» WHAT THIS TASK INVOLVES:
From the line containing "Ocean Castle 41ft Maxum Yacht For Sale" to the last line of the records below, transcribe everything exactly, pictures excluded.

» MATERIAL SUPPLIED:
•••••

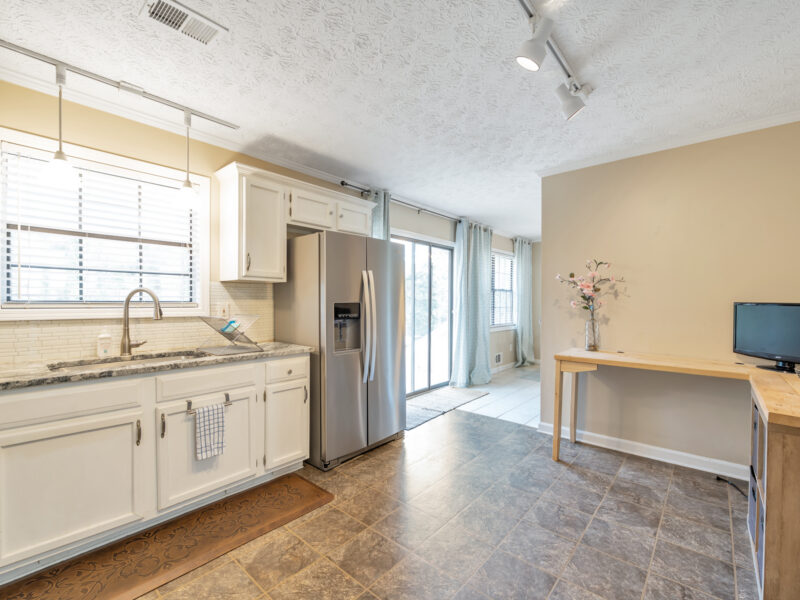 Flat Creek Country Club, Walk to Lake Peachtree (20 minutes to MODA) - 4br; 6 Bds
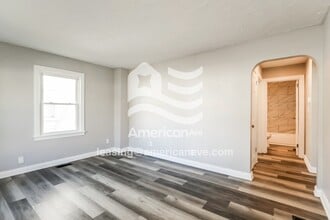 3906 Jewell Ave in Louisville, KY - Foto de edificio - Building Photo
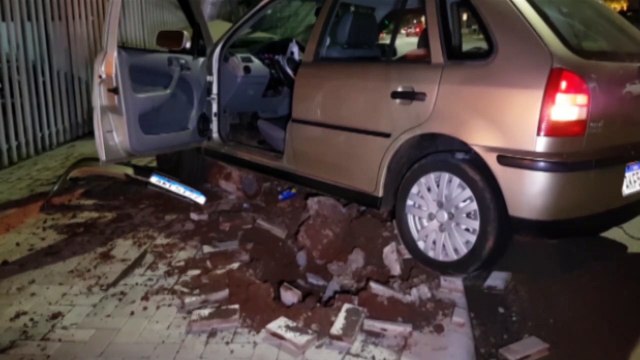 Condutor de Gol é preso por embriaguez após colidir em semáforo no Centro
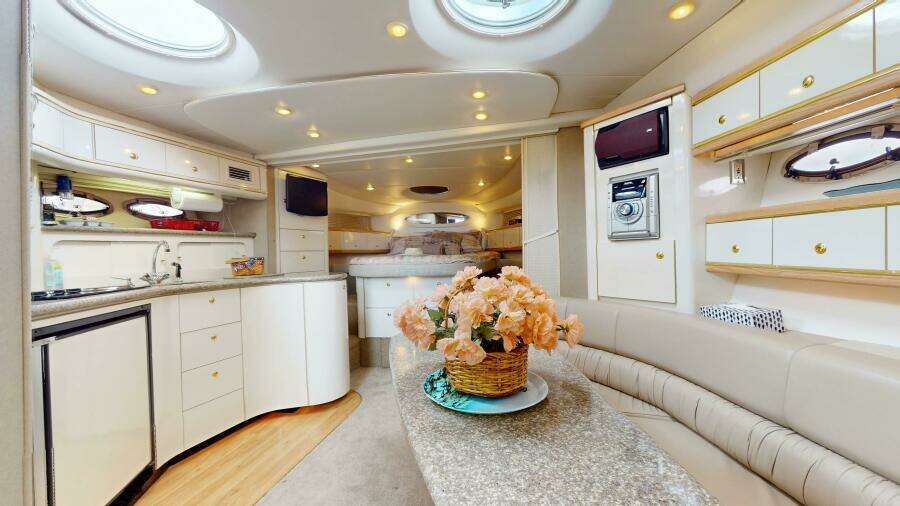 Ocean Castle 41ft Maxum Yacht For Sale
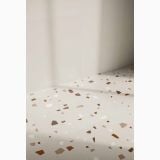 Lastra gresie Nuances Avorio Coccio Mat 120x280x0.6 cm – ambient, pardoseala terrazzo cu perete alb si lumina naturala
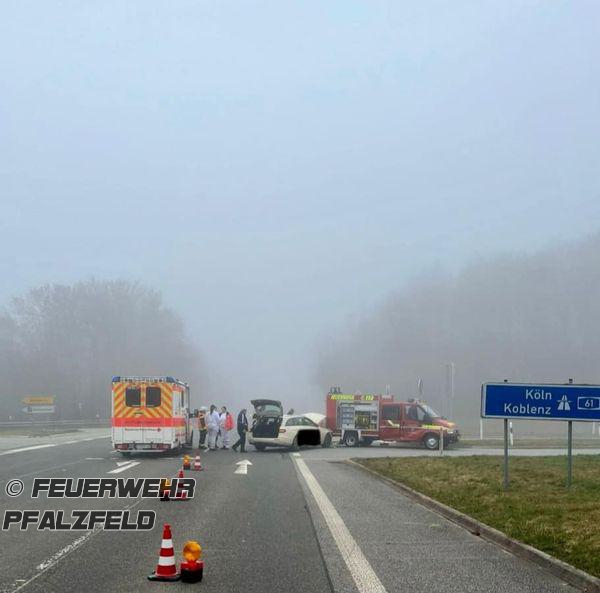 Hilfeleistung - Verkehrsunfall Hilfeleistung - Verkehrsunfall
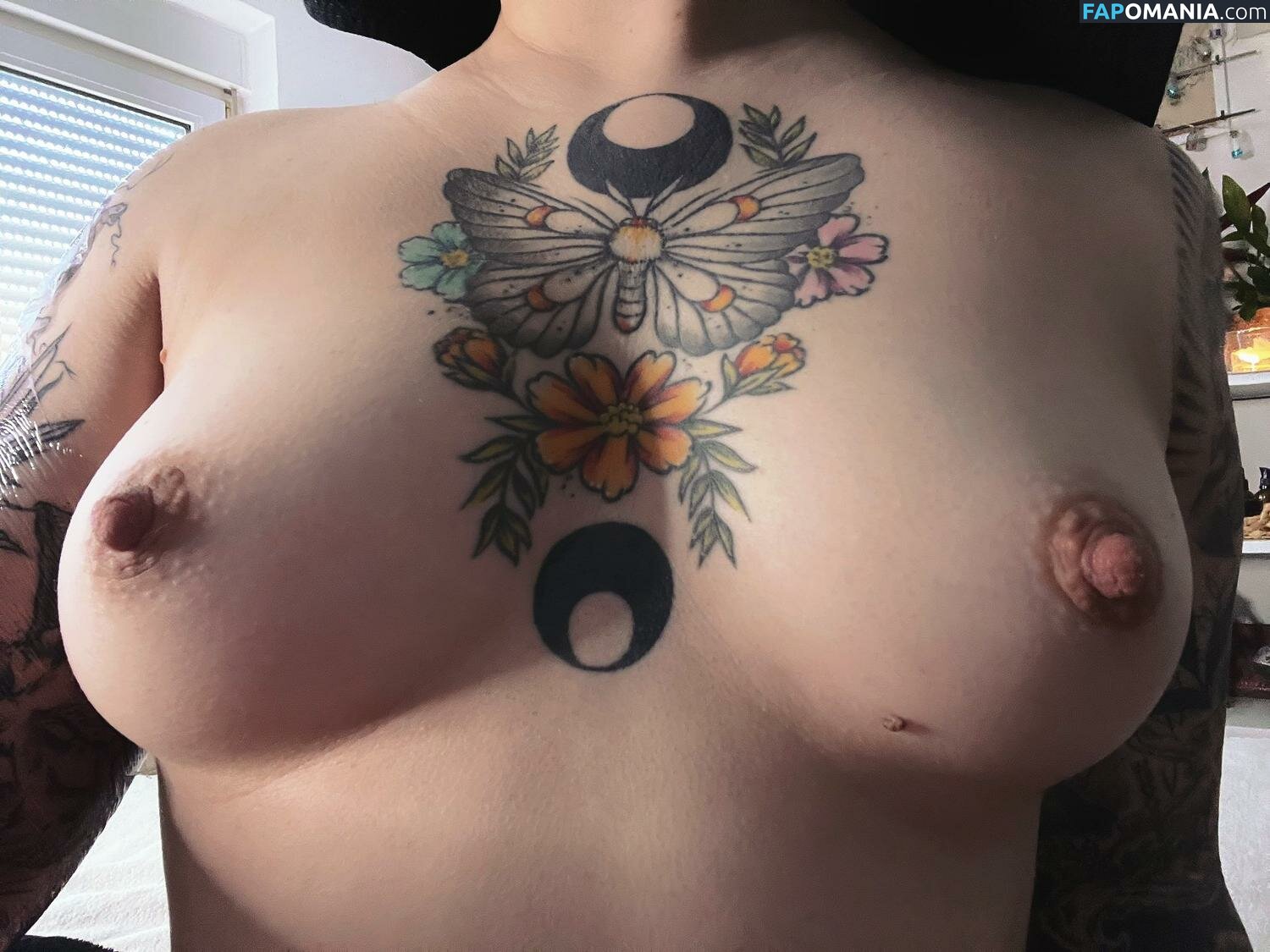 Repulsive_Fall_3062 / marysaccharine / marysaccharine_ Nu OnlyFans  Foto vazada #24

•••••

» OUTPUT:
 Ocean Castle 41ft Maxum Yacht For Sale
 Lastra gresie Nuances Avorio Coccio Mat 120x280x0.6 cm – ambient, pardoseala terrazzo cu perete alb si lumina naturala
 Hilfeleistung - Verkehrsunfall Hilfeleistung - Verkehrsunfall
 Repulsive_Fall_3062 / marysaccharine / marysaccharine_ Nu OnlyFans  Foto vazada #24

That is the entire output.